"Arrogance," said Goethe, "is natural to youth. A man believes, in his youth, that the world properly began with him, and that all exists for his sake. In the East, there was a man who, every morning, collected his people about him, and never would go to work till he had commanded the sun to arise. But he was wise enough not to speak his command till the sun of its own accord was ready to appear." "At the outset of life," says Hazlitt, "our imagination has a body to it. We are in a state between sleeping and waking, and have indistinct but glorious glimpses of strange shapes, and there is always something to come better than what we see. As in our dreams the fullness of the blood gives warmth and reality to the coinage of the brain, so in youth our ideas are clothed, and fed, and pampered with our good spirits; we breathe thick with thoughtless happiness, the weight of future years presses on the strong pulses of the heart, and we repose with undisturbed faith in truth and good. As we advance, we exhaust our fund of enjoyment and of hope. We are no longer wrapped in lamb's-wool, lulled in Elysium. As we taste the pleasures of life, their spirit evaporates, the sense palls, and nothing is left but the phantoms, the lifeless shadows of what has been!"

"There was a time when meadow, grove, and stream,
The earth, and every common sight,
To me did seem
Apparel'd in celestial light,
The glory and the freshness of a dream.

It is not now as it has been of yore;
Turn wheresoe'er I may,
By night or day,
The things which I have seen I now can see no more.

"The rainbow comes and goes,
And lovely is the rose;
The moon doth with delight
Look round her when the heavens are bare;
Waters on a starry night
Are beautiful and fair;
The sunshine is a glorious birth;
But yet I know, where'er I go,
That there hath passed away a glory from the earth."

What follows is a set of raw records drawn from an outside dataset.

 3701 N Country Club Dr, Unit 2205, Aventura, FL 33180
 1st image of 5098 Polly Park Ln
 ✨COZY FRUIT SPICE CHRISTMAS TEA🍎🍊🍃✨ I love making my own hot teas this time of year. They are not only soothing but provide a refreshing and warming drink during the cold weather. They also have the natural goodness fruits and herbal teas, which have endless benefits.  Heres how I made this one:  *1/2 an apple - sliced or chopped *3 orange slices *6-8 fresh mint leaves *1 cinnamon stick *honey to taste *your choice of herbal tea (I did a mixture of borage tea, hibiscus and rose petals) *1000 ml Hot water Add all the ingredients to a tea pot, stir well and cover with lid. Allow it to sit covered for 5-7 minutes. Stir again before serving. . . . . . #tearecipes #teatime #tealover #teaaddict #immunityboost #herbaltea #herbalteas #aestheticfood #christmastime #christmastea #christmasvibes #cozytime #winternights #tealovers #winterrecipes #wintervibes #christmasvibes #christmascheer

"Why," asks Souvestre, "is there so much confidence at first, so much doubt at last? Has, then, the knowledge of life no other end but to make it unfit for happiness? Must we condemn ourselves to ignorance if we would preserve hope? Is the world, and is the individual man, intended, after all, to find rest only in an eternal childhood?"

"If the world does improve on the whole," said Goethe, "yet youth must always begin anew, and go through the stages of culture from the beginning." But, "'tis a great advantage of rank," said Pascal, "that a man at eighteen or twenty shall be allowed the same esteem and deference which another purchaseth by his merit at fifty. Here are thirty years gained at a stroke."

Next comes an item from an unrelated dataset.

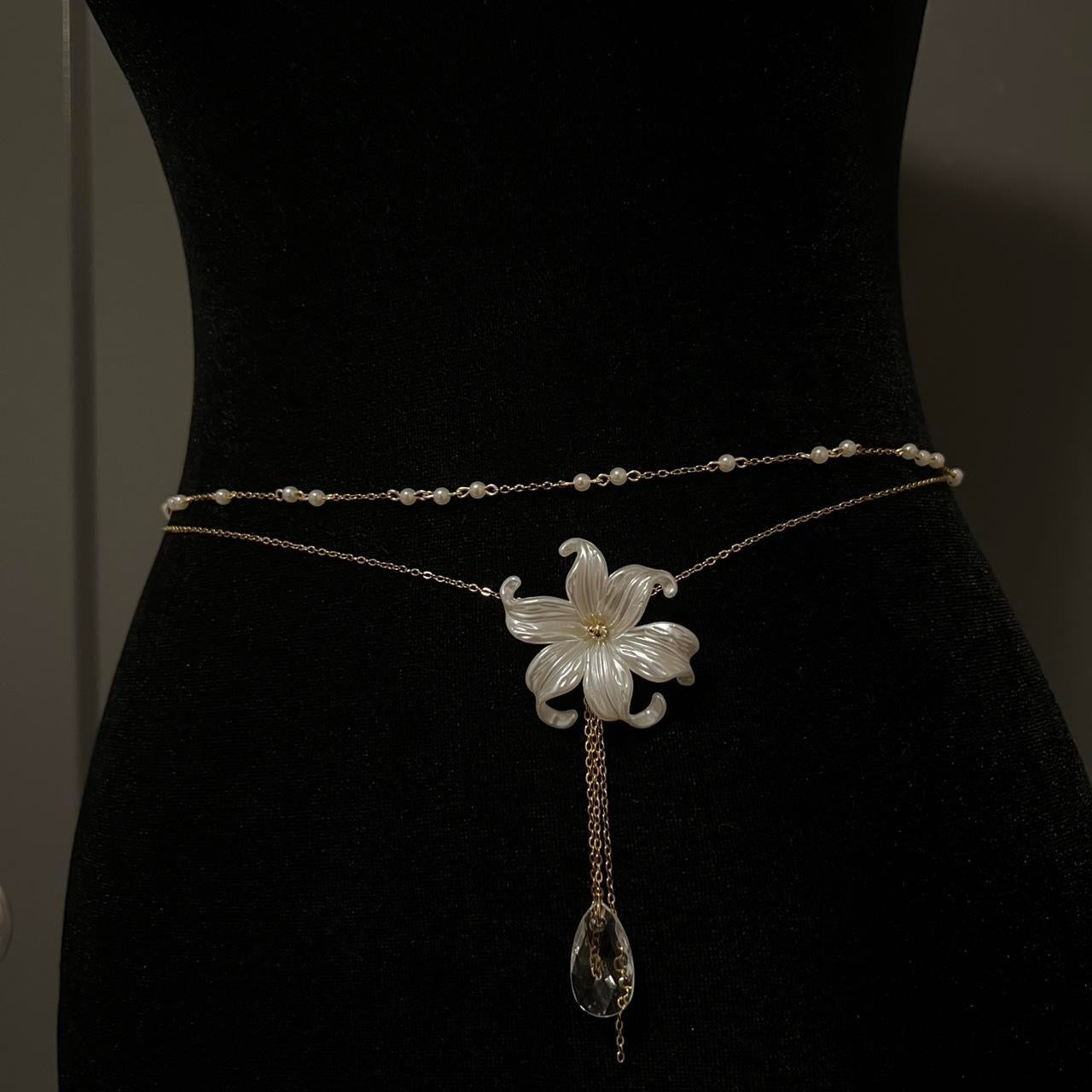 The “Full Bloom” x Seraphina Waist Chain Set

"The whole employment of men's lives," said the same thinker, "is to improve their fortunes; and yet the title by which they hold all, if traced to its origin, is no more than the pure fancy of the legislators: but their possession is still more precarious than their right, and at the mercy of a thousand accidents: nor are the treasures of the mind better insured; while a fall, or a fit of sickness, may bankrupt the ablest understanding.... Cæsar was too old, in my opinion, to amuse himself with projecting the conquest of the world. Such an imagination was excusable in Alexander, a prince full of youth and fire, and not easy to be checked in his hopes. But Cæsar ought to have been more grave."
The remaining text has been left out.